An iPhone App That Catches Crooks By Looking Them In the Eye

Police in the Brockton, Massachusetts gang unit are getting a shiny new toy to tackle crime with: a facial recognition system called MORIS that uses an iPhone to identify suspects in the field. I guess it beats being dragged downtown.


Here's how the system, developed by BI2 Technologies, works: an officer uses an iPhone to snap the picture of a person of interest, which is then sent back and compared against a database of nogoodniks that the state is currently compiling. There's also an iris identification feature in the works, wherein a close-up shot of the suspect's eye is sent back to central command for reference, along with a fingerprint reader.

The official word is that the system will only be used when there's probable cause, although I'm sure exactly when and where it can be used and how the database is maintained will be the subject of some debate upon implementation.

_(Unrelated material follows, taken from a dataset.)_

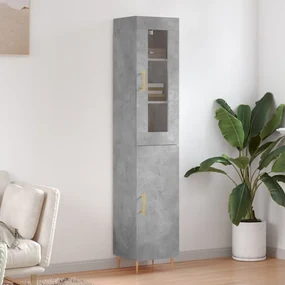 Credenza grigio cemento 34,5x34x180 cm in legno multistrato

I just can't wait for the commercialized version. Blind dates will never be the same again! [Patriot Ledger via Fark]


steven [gawker help]

Although I think this is really cool and useful, iPhones are easy to lose (as we've seen in the past). One getting in the wrong hands means access to a very large database of personal and confidential information. I'm sure remote-locking and remote-wiping precautions will be taken but that's only useful if it occurs before any menacing individuals have a chance to extract information.

I think a wiser precaution would be for the app to send that info to the laptop inside the squad car, which in turn does all the dirty work and spits back relevant information to the iPhone, without any sensitive material being stored on the iPhone itself. At least squad car laptops are more secure and less prone to theft or tampering.